Both Fourth Paradigm and Mike Knoop of Zapier point to automation as the key. Technologically, AutoML, program synthesis, and neural architecture search all involve automation and optimization processes to reduce manual intervention and improve efficiency and effectiveness. Mike Knoop believes AGI exploration should be based on program synthesis and neural architecture search, while Dai Wenyuan, founder of Fourth Paradigm, mentions that AutoML is the foundational technology for building countless industry-specific large models.

Dai Wenyuan calls AutoML "an art of failure," stating that it can exert greater value because Fourth Paradigm has experienced numerous scenarios and knows how to align data and models with specific scenario needs. Successes are transformed into results, failures become nutrients, accelerating iteration based on automation. As Alex Wang says, "Machine learning is a garbage in, garbage out framework." But with high-quality industry data and continuous error correction capabilities, reliable implementation of industry-specific large models will ultimately be achieved.

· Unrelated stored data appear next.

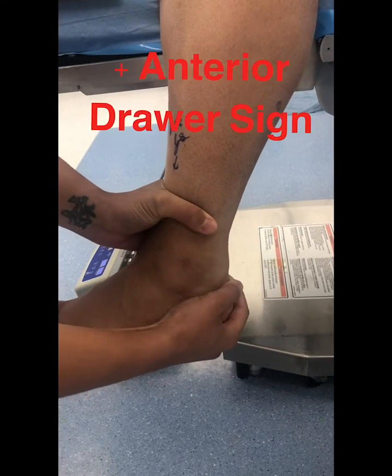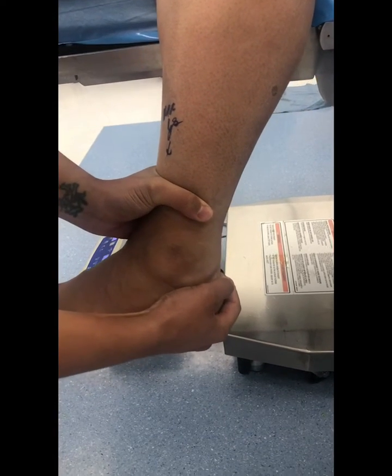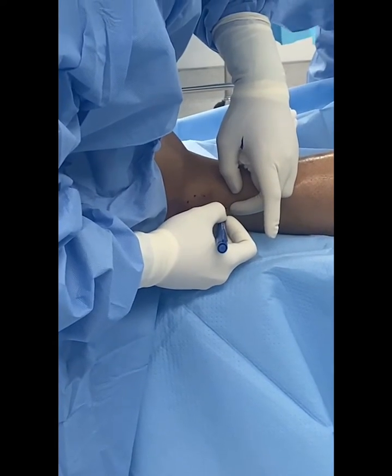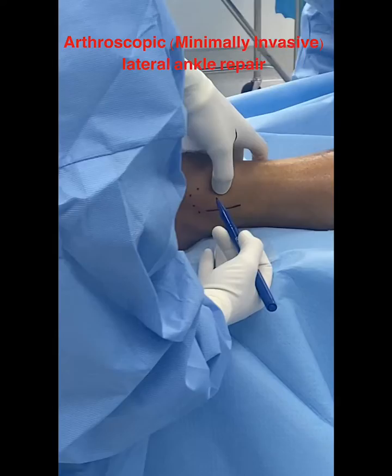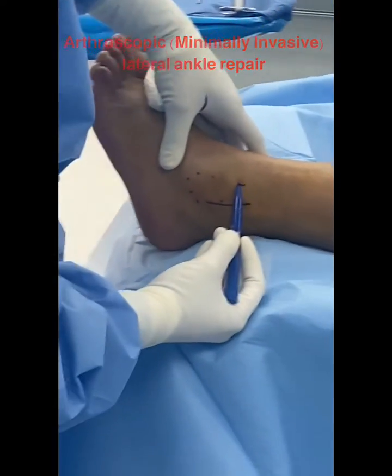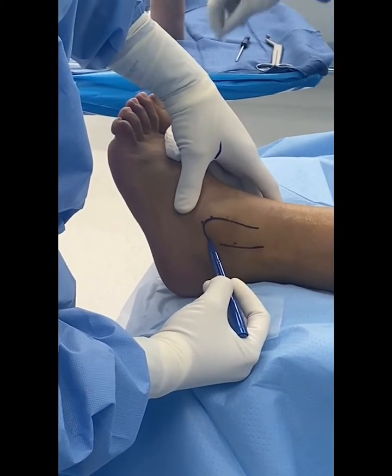This patient has chronic lateral ankle instability. They have a positive anterior drawer sign indicative of ligament injury. What I'm going to do for this patient is an arthroscopic minimally invasive lateral ankle stabilization, also known as a Brostrom-Guhl procedure.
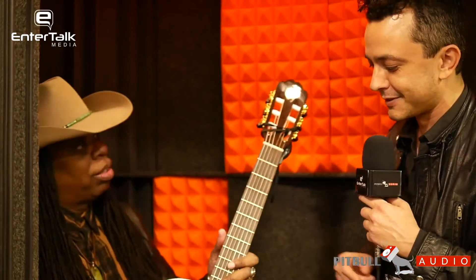Man, that is absolutely wild — I kind of want to check that thing out myself. Larry, this has been an absolutely incredible experience to see this thing, and yes, I am going to check it out. Thank you so much for showing it to me and talking to me. This has been another Pitbull Audio Gear Preview from NAMM 2018. This is Ariel with EnterTalk Media — thanks so much for watching.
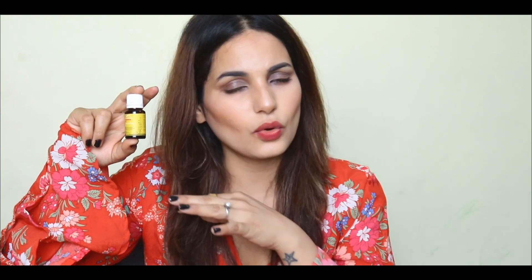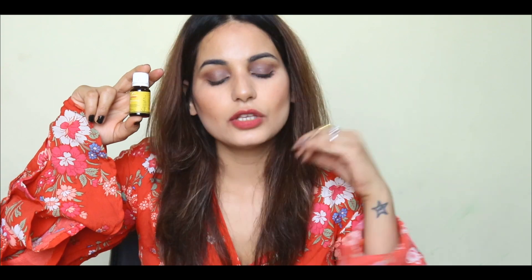This bottle price is 97 rupees, and in 97 rupees you will be able to get all your skin concerns covered — from anti-aging and pigmentation to dull skin. All of these problems are going to be vanished after you use this product.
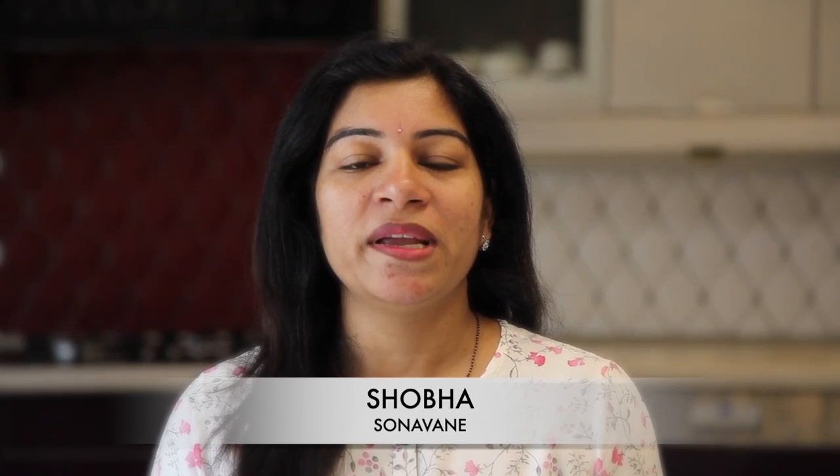Hello friends, welcome to my channel Food for My Kitchen. Today we are making tangdi kebab.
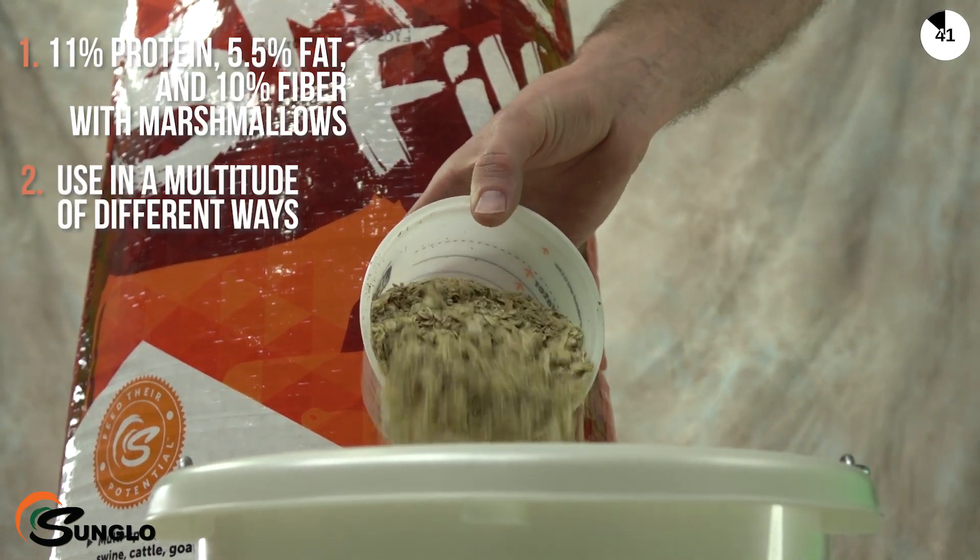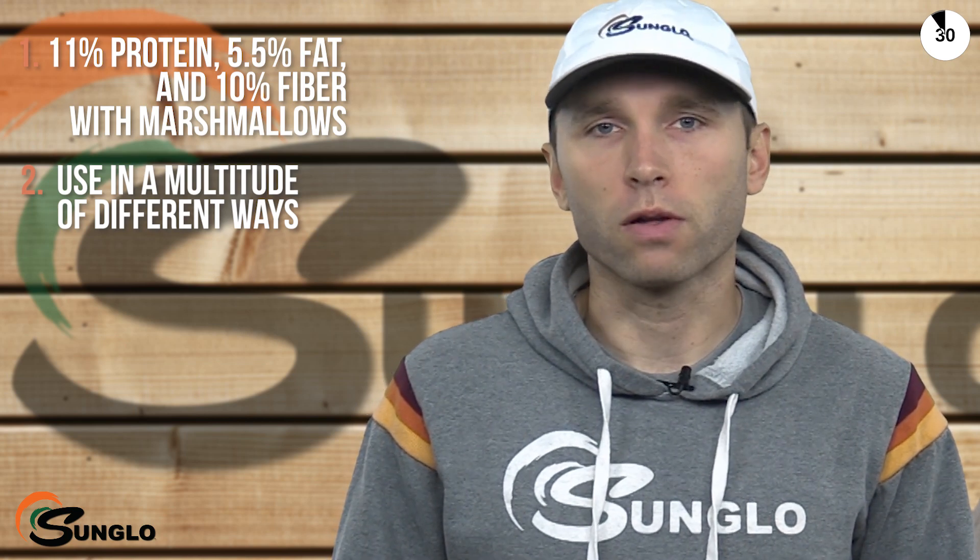Sunglow S'more Fill can be used in a multitude of ways: in your regular ration at home for everyday fill, mixed directly into your complete rations in place of oats, or as the sole ration on show day for max fill.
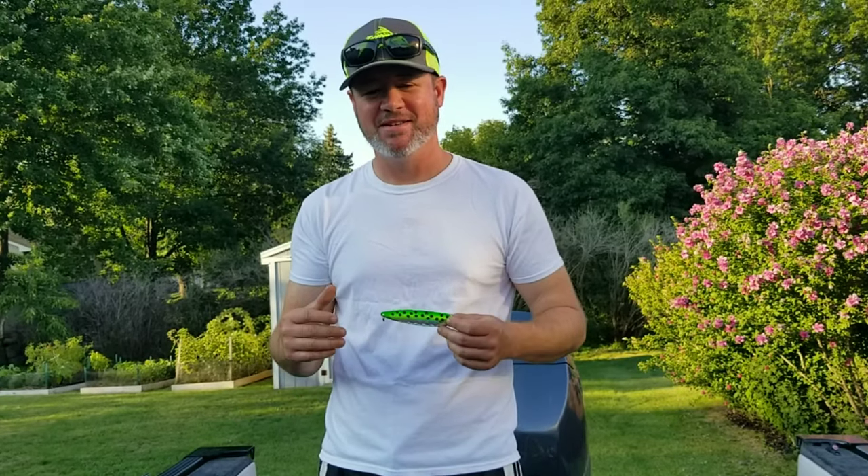Hey guys, what's up? Welcome back. I got some awesome big salmon video for you again. Today, my buddy Jimbo came up from out of town. He's caught some big salmon in the river before, but he's never got a big one out on the lake, so I wanted to get him a screamer on the line and let him fight it in. We managed to do that — caught a beautiful big 21-pound hen king, landed it, got some good pictures. He was excited, so I'm going to show you the video of that.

Different AI Models: Ideas, Approaches, and Prospects

Some companies focused on general large models, represented by OpenAI, are developing horizontally, with large models being everything. Their business model simply sells large model capabilities. In contrast, companies like Fourth Paradigm and Glean are taking a different path, using AI technology to help enterprises make decisions in certain aspects to improve overall work effectiveness. Their business models also differ.

Glean provides an AI-powered enterprise search and knowledge management platform that integrates multiple third-party application functions, becoming part of the workflow. It can also help enterprises train proprietary AI models using their own data, based on Glean's self-developed "trusted knowledge model."

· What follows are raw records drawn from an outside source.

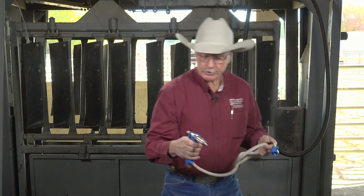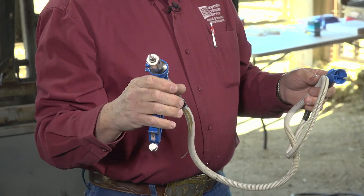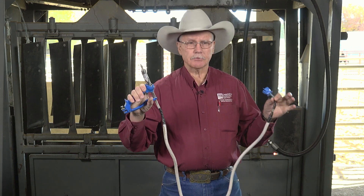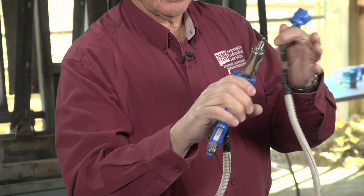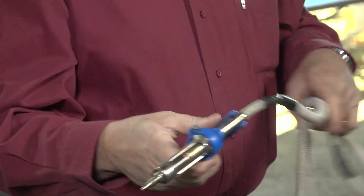This is a larger syringe — this is adjustable, a 10cc that can be adjusted down. They're not quite as accurate as some of the smaller ones, but if the dosage is larger, this is likely something that will be used. It's the same design. Once you fill the line and work the air out of it, it will stay and you can just vaccinate as you go along the line.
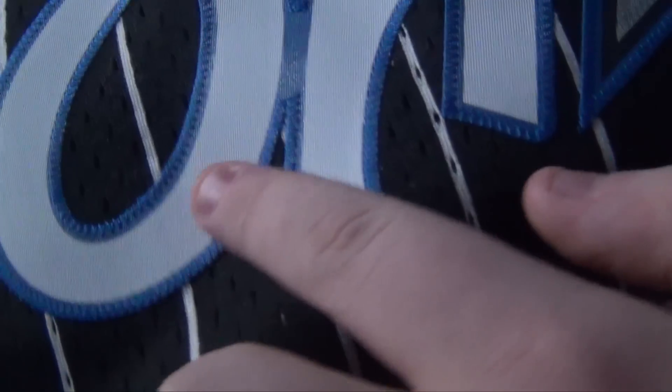I think the main difference between the replica ones and the Swingman ones is that the text and the number are actually stitched on, whereas the replica ones are just straight printed on. And then the Rev 30 ones will be more performance-orientated — probably newer materials, probably be tighter as well, just better for playing in. I'll give you a quick look at the tag on there.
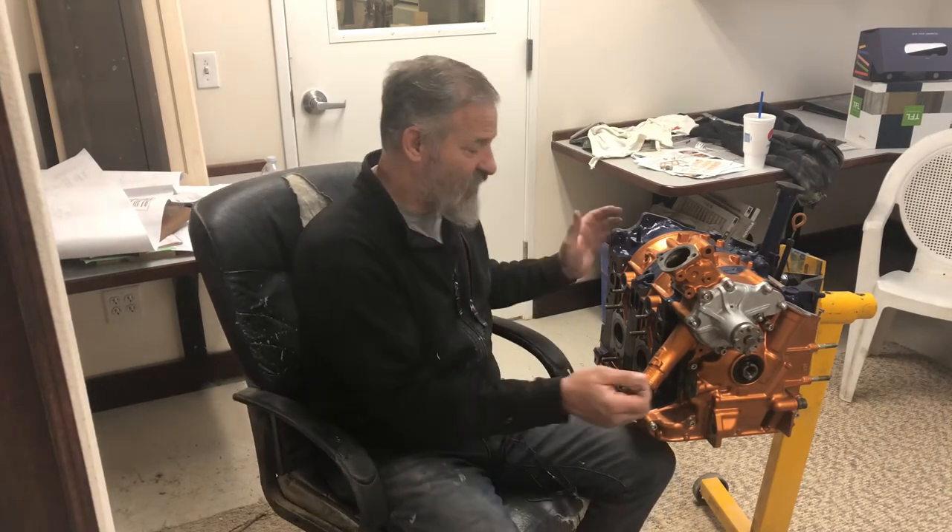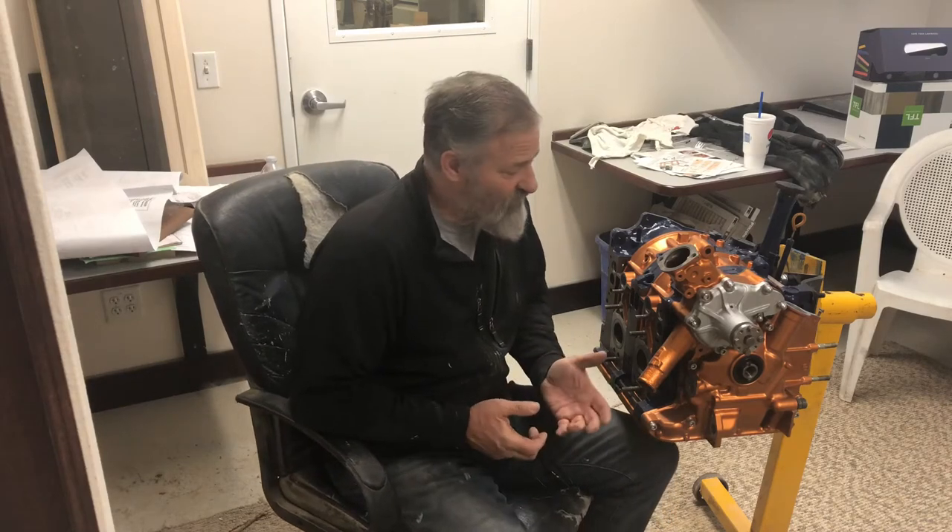I got it all together — sorry you didn't get a video on that. There were some crazy complications the day I put it together. I started a video but had filming problems. I had a work trailer that had been stolen, and halfway through getting my motor together, the police showed up to tell me they found my trailer. I had to hurry, get things together, and move on. I didn't have time to finish filming. There are videos online about putting the engine together, but one very tricky part — a lot more tricky than they made it appear — was the apex seal and spring installation.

Fourth Paradigm delves deeper into predicting and managing core business issues in industries. Its industry large model platform, AIOS 5.0, builds industry foundation large models based on X-modal data from various industry scenarios. At the capability level, it focuses on "Predict the Next X," where X represents the logic and results of major industries. At the usage level, it provides low-threshold modeling tools and scientist innovation service systems to achieve end-to-end industry large model construction, deployment, and management services.

This is a typical case of Chinese AI companies developing based on industrial backgrounds. Dai Wenyuan believes that China has advantages in numerous scenarios and data. After covering enough scenarios, connecting these models might also achieve AGI. In comparison, many popular industry large models are still industry-specific large language models, big but not precise. When divided into more precise scenarios, although it seems to require building many large models, the data load for each precise scenario is limited. With the help of automation technology, this approach may achieve AGI development at the application level through an alternative path.

Mike Knoop believes that AGI has encountered upward obstacles after rapid progress because it overly relies on language large models, defining AGI as a system that can complete most tasks. However, AGI should actually focus more on efficiently acquiring new capabilities and solving open-ended problems in various scenarios.

NVIDIA CEO Jensen Huang mentioned that as large models develop, computers are transitioning from instruction-driven to intent-driven, "Future applications will do and execute in ways similar to how we do things, assembling teams of experts, using tools, reasoning, planning, and executing our tasks." This logic itself implies universality, as large models are entering the physical world because decision-making in the physical world is also traceable.

A similar example is Palantir, originally a To G big data company that assisted decision-making based on data analysis and modeling simulation. Generative AI technology has transformed its data processing methods, making significant progress in automation and data-driven decision-making, accelerating the development of AI To B business. Fourth Paradigm, on the other hand, establishes industry-specific large models in each deterministic scenario, helping enterprises master their own applications and make effective decisions.